M is a stand-alone program shipped with Warp. While Warp handles the first stages of the data processing pipeline, M lives on its opposite end. It allows you to take refinement results from RELION and perform a multi-particle refinement. For frame series data, the procedure is similar to RELION’s “particle polishing” and probably won’t deliver significantly better results – unless you have a very heterogeneous dataset that can benefit from M’s ability to consider as many classes as you want (memory limitations apply!), or maps with heterogeneous resolution that can benefit from M’s map denoising. For tilt series data, M will likely deliver a noticeable resolution boost compared to patch tracking- or fiducials-based tilt alignments. Refinement of in situ data will also benefit significantly from the unlimited number of classes and transparent mechanisms for combining data from different sources.
Pre-processing of frame series or tilt series in Warp
Particle image or sub-tomogram export from Warp
Classification and refinement in RELION
Import and refinement in M
(optionally: → re-export improved particles from Warp → re-classify and refine in RELION → import and improve alignments in M → repeat as needed)

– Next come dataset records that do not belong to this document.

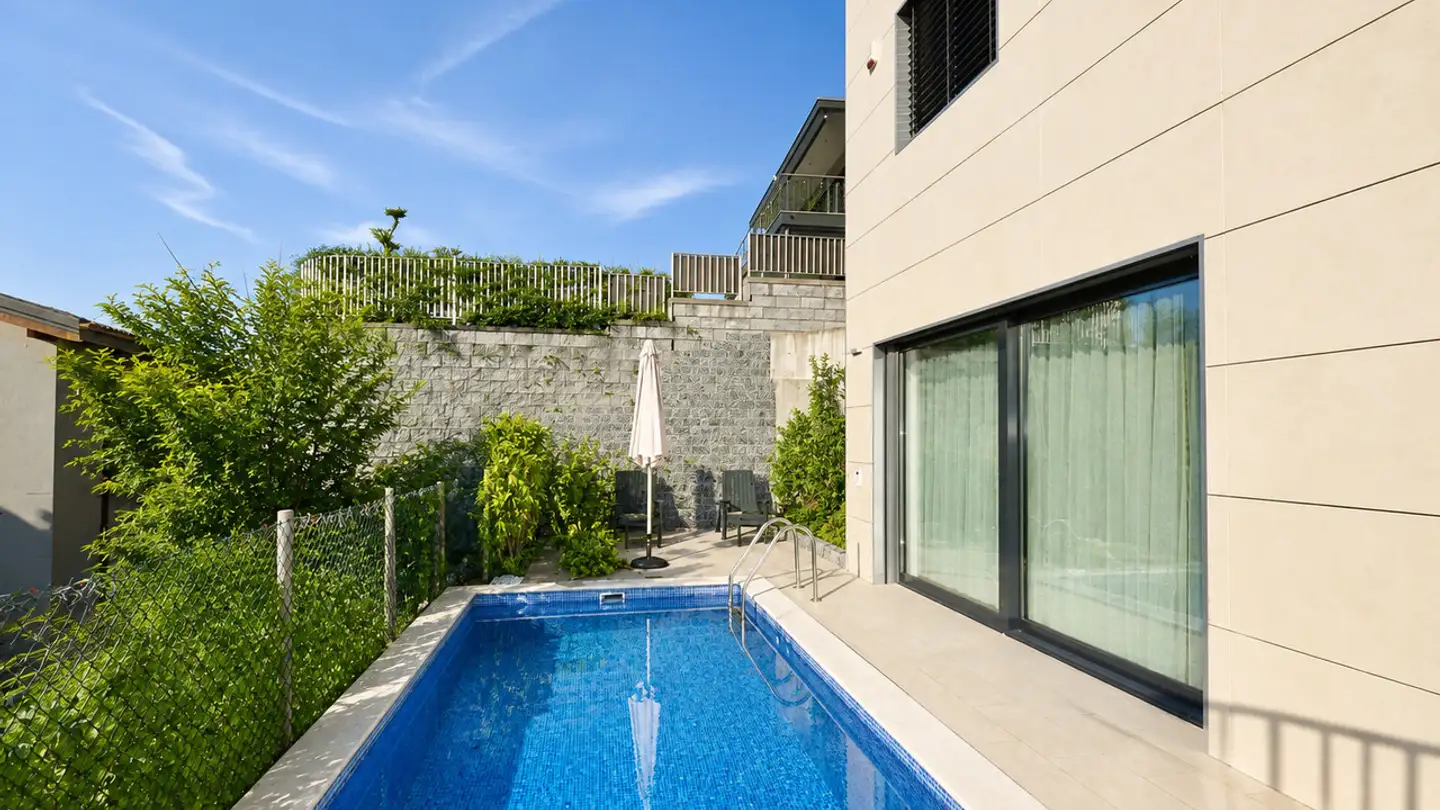 Villa à vendre - Via Del Bosco 2a, 6962 Viganello - Photo 3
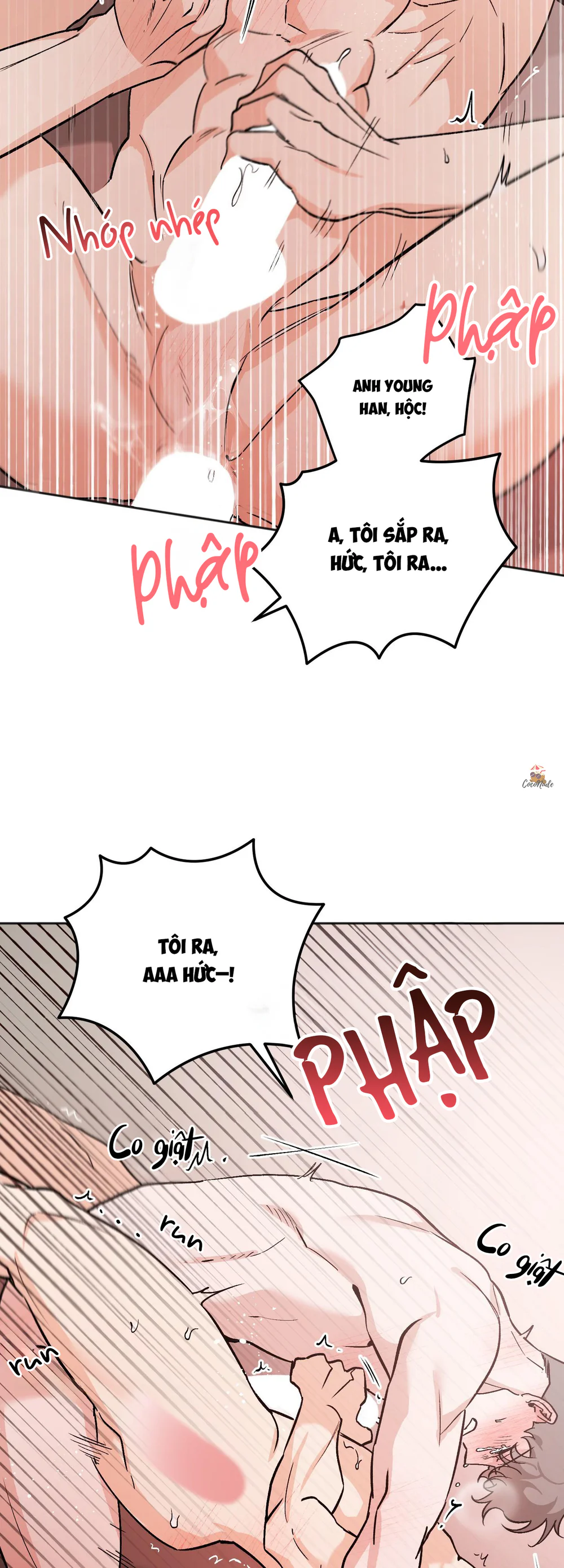 Một Căn Studio Thôi Là Đủ! Chapter 8 Trang 41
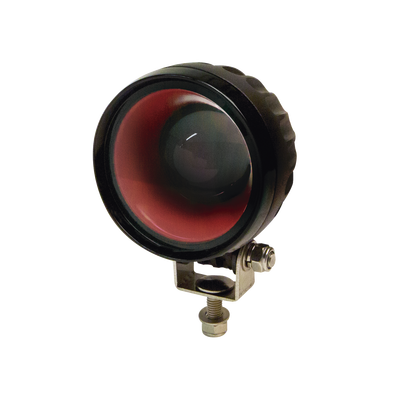 ECCO Luz de advertencia peatonal preventiva, de flecha roja MOD: EW-2010R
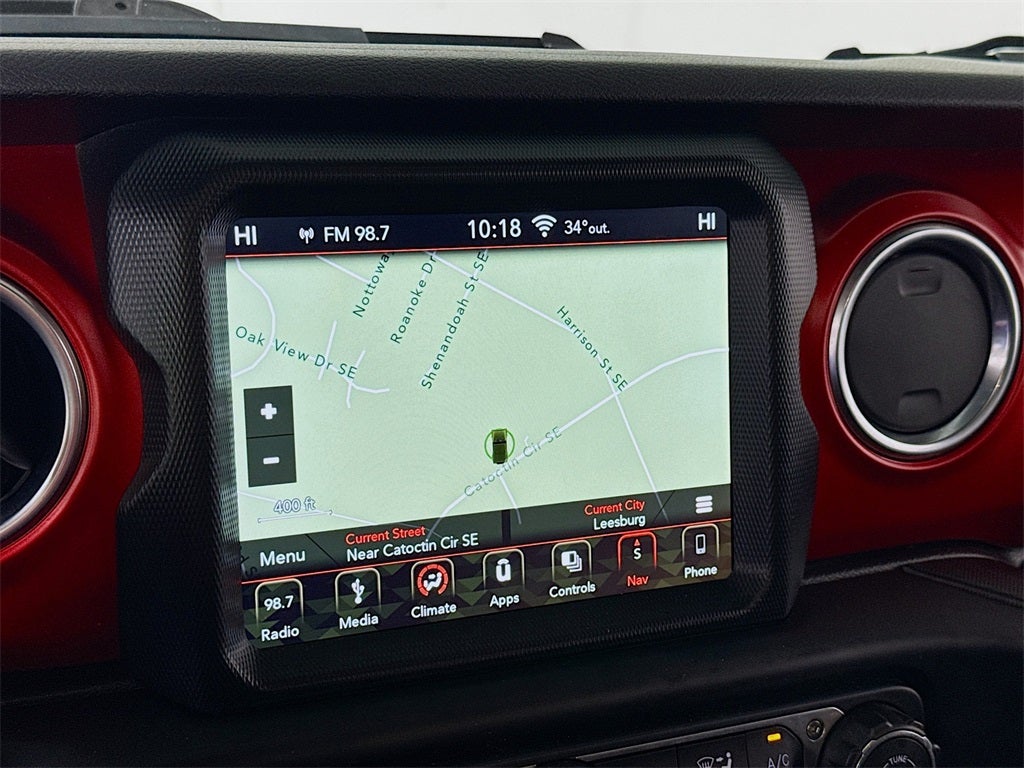 2019 Jeep Wrangler Unlimited Unlimited Rubicon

M strives to be a great tool for in situ data, which have been compared to “molecular sociology“. Thus, its terminology takes a somewhat sociological angle. A project in M is referred to as a Population. A population contains at least one data source and at least one species. A Data source contains a set of frame series or tilt series and their metadata. A Species is a map that is refined, as well as particle metadata for the available data sources.
Creating a population
When M starts, you can choose between creating a new population and opening an existing one. To create a new population, give it a name and specify its root folder. There are no particular requirements for this location. It won’t experience much IO during refinement, and the species folders contained there might grow to a few tens of gigabytes depending on map size. For populations with a single data source, we usually just go one level above the old Warp project folder.
Adding data sources
Once a population is open, you can click on the data source summary saying “0 data sources” to open the management dialog. Remote data sources are not supported at the moment. Click Add local and select a .settings file in a Warp project folder. Once M converts that file into a data source, its parameters and list of items become read-only. So if you want to change something (e. g. quality filter settings or binning value), load the folder in Warp and modify the settings. M will read in the metadata for all items and present you with the number of items that pass all quality criteria, as well as those filtered out or deselected manually. Give the data source a name, choose whether to include the sub-optimal items, and set the maximum number of frames or tilts (sorted by dose). The latter can be useful if the data have a very high overall dose that was used for picking or visual interpretation, but istn’t required for high-resolution alignment – this will save computational resources during M’s refinement. You can’t change this setting later. Finally, click Create. The list of data sources should now contain the new source with its input settings.
Make sure you’ve added all data sources you’d like to use, and click the big + to initiate the creation of a new species. Remote species aren’t supported yet, but you can create a local one from scratch. Select From scratch and click add.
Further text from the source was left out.